We could start this post with another “It’s been an interesting week for Cardano…” lede, but the truth is, it’s always an interesting week for Cardano.
Over the past seven days or so, we’ve seen ADA go from flattening out at a healthy $2.80ish on news of its inclusion on Japanese exchanges and the upcoming smart contract rollout to falling to $2.02 in the middle of the night before normalizing back to the $2.40 range.
Now, if you followed our advice and swung your ADA into a stablecoin to buy back bigger on the dip, you’ve likely made a nice return.
Naturally, we didn’t follow our own advice, so we’re kicking ourselves a bit.
But only a bit.
Remember, it’s only September 10.
And if you’ll recall, September 12 is the thing.
So why did ADA tank by over 30% when smart contracts – one of the crypto holy grails – is finally so close at hand?
After all, per IOHK:
“The Alonzo HFC [Hard Fork Combinator] event will be the most significant upgrade yet, laying the firmest of foundations for an exciting new era of smart contracts on Cardano.”
Note: If you’ve never heard the term “hard fork combinator” before, it simply indicates a cryptocurrency’s combination of legacy systems and processes with major new developments, as seen in last year’s Byron Era transition to the Shelley Era.
You can get more insight from reading the entire thread here:
The #Alonzo HFC event will be the most significant upgrade yet, laying the firmest of foundations for an exciting new era of #smartcontracts on #Cardano. Here's the moment – just minutes ago – that Sam submitted the upgrade proposal 2/6 🤘https://t.co/wnZmn7YwiP
— Input Output (@InputOutputHK) September 7, 2021
Yahoo Finance explains the significance of this further:
“The [Alonzo] upgrade will bring Decentralized Finance (DeFi) applications and exchanges to the network which could see Cardano compete with similar networks, such as Ethereum and Solana.
The upgrade will also provide the ability to mint non-fungible tokens (NFTs) on its blockchain.”
Of course, for those of you new to the ADA game (or the crypto game in general), it may seem odd, unexpected, or even a sign of Bad Things To Come™ that Cardano crashed so hard despite the much-anticipated launch of smart contracts coming with the Alonzo mainnet rollout.
On the surface, that makes sense. It is somewhat counterintuitive.
But it’s really not unusual.
Recently, we wrote that the lead-up to September 12 could go one of two ways: a bull rush or a collapse.
We further wrote that either way it goes, it would be for the same reason: Alonzo.
Last week, we saw the ADA price weather a storm of significant FUD nonsense, which is one element in the rationale of collapse as a precursor to good news.
As the Cardano network prepares to take on the crypto space’s biggest smart contract and NFT player – Ethereum – ETH hodlers and touts came out in full force to slam the ADA project.

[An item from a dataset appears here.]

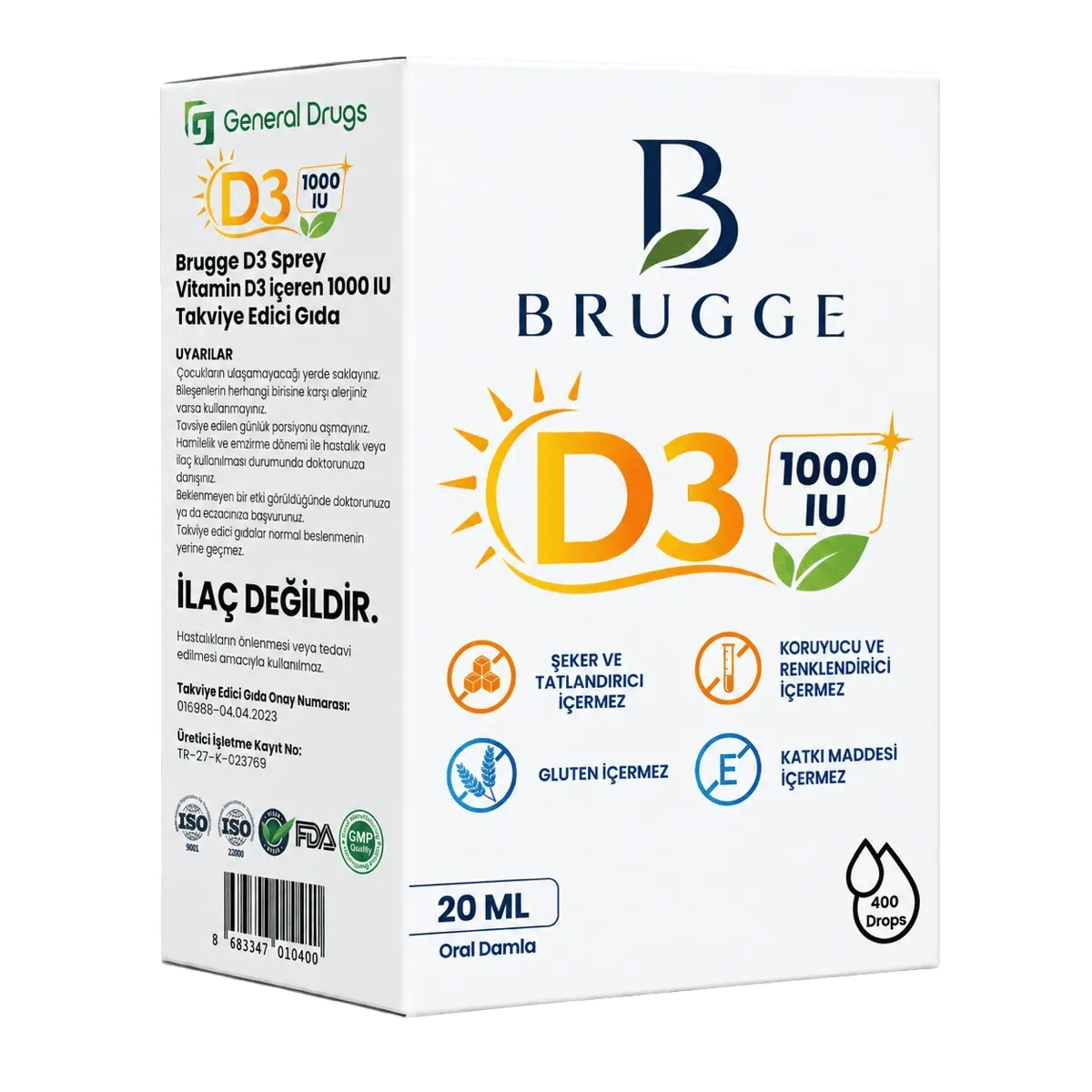 Brugge D3 1000 IU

Obviously, it was the usual suspects spreading their usual nonsense, and Cardano stood firm through various smears like this:
The greatest pump in crypto history is about to dump hard as people realize the blockchain literally does not work. https://t.co/9jjH5hPtPi
— Mike DAOdas (@mdudas) September 4, 2021
Even that didn’t really cause too much fretting in the Cardano community, and the price of ADA didn’t move much in the wake of this ridiculous assertion.
The purported Cardano concurrency issue was put into perspective by more even-keeled members of the cryptoverse:
The MinSwap concurrency challenge is being blown way out of proportion by FUDsters.
It's like saying the Wright brothers first test flight was a failure because it did not have cabin service and flight attendants.
keep building @MinswapDEX ⭐️⭐️⭐️⭐️⭐️
you got this 💪 https://t.co/TqkskG5z2K— Rick McCracken 🇪🇺🫖💋🤗 (@RichardMcCrackn) September 4, 2021
So what caused the crash and the summary stabilized dip to the $2.40 range?
Again, Alonzo.
At least in part.
Indeed, all cryptos tanked over the last week, with the overall market cap dropping by some $400 billion at its nadir.
And they tanked because there was a sell-off.
Much of that sell-off, no doubt, was predicated on various fears regarding forthcoming potential SEC regulation, trepidation about the stability of the market’s current trends, and so on. But some of it – at least in the case of ADA – is due to swing trading.
We discussed Cardano swing trading before, and it makes all the sense in the world that ADA investors saw the ATH (and/or a near-ATH plateau) and decided to swing out for the time being.
If enough swing traders go at the same time – particularly if many of them have millions of ADA with which to play – it can spook others who see a crash where those swingers saw (and helped create!) a temporary dip allowing them to reinvest in ADA – without adding a single cent to the pile – and grow their stack considerably.
Again, if you took our advice earlier, you may have done this yourself.
We sure wish we’d listened to us.
Oh well. There’s always next time.
Seriously. There is always next time.
So sell the tip, and buy the dip.
And that’s the hottest tip we’ve got.